Ce graphique surprenant mettait en évidence le fait que, dans certaines conditions, un bénéficiaire de l’AAH (travaillant souvent à temps partiel) voit son revenu disponible stagner tant que son salaire est maintenu entre 0,3 et 1,3 smic. Il diminue même entre 0,35 et 0,8 smic. C’est toujours le cas en 2023 : aux environs d’un demi-smic, lorsque l’employeur dépense 100 € de plus, le salaire net augmente de 75 € mais l’AAH diminue de 42 €, l’aide au logement de 26 € et la prime d’activité de 13 € : l’effort salarial de 100 € se traduit par une diminution nette de 6 € pour le salarié.
Retenons ce premier constat : alors que les entreprises de plus de 20 salariés sont soumises à l’obligation de compter dans leur effectif 6 % de personnes handicapées (travaillant au minimum 16 heures par semaine), celles qui bénéficient de l’AAH n’ont pas d’incitation financière à travailler plus qu’un tiers de temps si elles sont payées au smic horaire ou un peu au-dessus.
LA VIE EN COUPLE EST DÉSAVANTAGEUSE POUR LES MÉNAGES MODESTES
La deuxième caractéristique très particulière aux bénéficiaires de l’AAH est apparue le 1er octobre 2023.
Jusque-là, l’AAH suivait un principe commun à tous les minima sociaux. Appliquant le schéma (discutable sur le fond) des échelles d’équivalence, le montant versé à un couple est toujours largement inférieur au double du montant calculé pour un bénéficiaire seul. C’est ainsi qu’un allocataire du RSA perçoit au maximum 600 € par mois alors qu’un couple est limité à 1,5 fois ce montant, soit environ 900 €.

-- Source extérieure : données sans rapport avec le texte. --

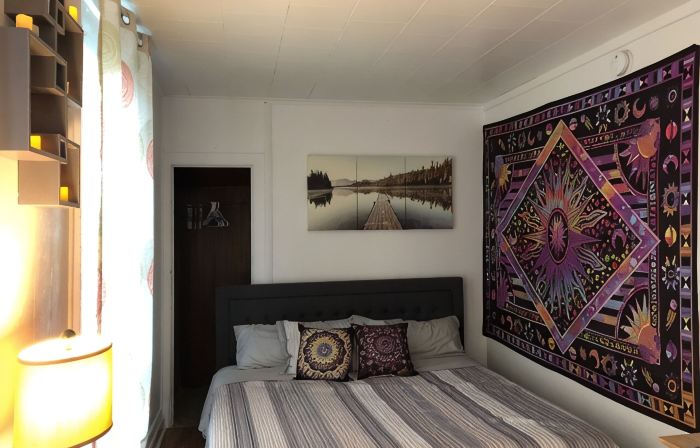 Modern-Bohemian quarters - King Bed-Washer/Dryer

C’est la loi : deux allocataires du RSA vivant officiellement en couple perçoivent 300 € de moins que s’ils dissimulaient cette liaison à la CAF.
La courbe centrale du graphique ci-dessous montre que cet écart de 300 € demeure si l’un des partenaires est salarié, jusqu’à 2 fois le smic. Pour les couples mariés ou pacsés, l’écart s’amenuise jusqu’à s’annuler lorsque le conjoint salarié perçoit 3,7 fois le smic. La perte du RSA est alors intégralement compensée par l’effet du quotient conjugal, qui annule puis diminue l’impôt sur le revenu du salarié qui bénéficie de sa déclaration fiscale commune avec le conjoint sans revenu. Si le salarié perçoit des revenus conséquents, au-dessus de 5,3 smic, l’effet du mariage/pacs est même positif, la diminution d’impôt étant alors supérieure à la perte du RSA.

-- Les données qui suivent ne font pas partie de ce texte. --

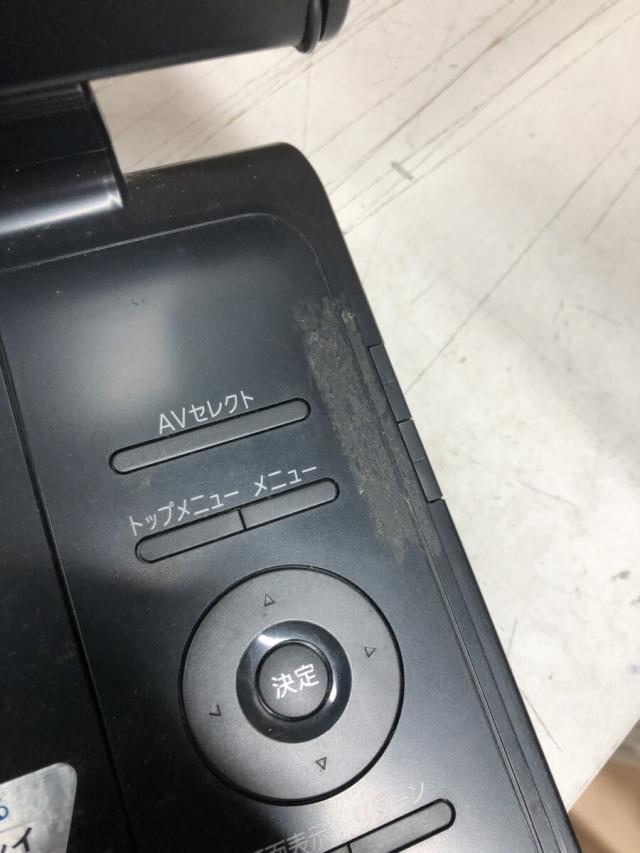 中古〉パナソニック ポータブルDVDプレイヤー 8.5V型液晶搭載 DVD-LS83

Ce phénomène méconnu bien que massif existe avec tous les minima sociaux. La courbe la plus basse montre que l’effet est encore plus important pour les couples dont l’un des partenaires est bénéficiaire du minimum vieillesse (ASPA). Il faut alors que l’autre conjoint perçoive 8 fois le smic pour que le bénéfice du quotient conjugal équilibre la perte de l’ASPA. Dans le cas plus fréquent où ce conjoint perçoit une pension de retraite au lieu d’un salaire, la courbe est un peu différente mais l’effet est du même ordre.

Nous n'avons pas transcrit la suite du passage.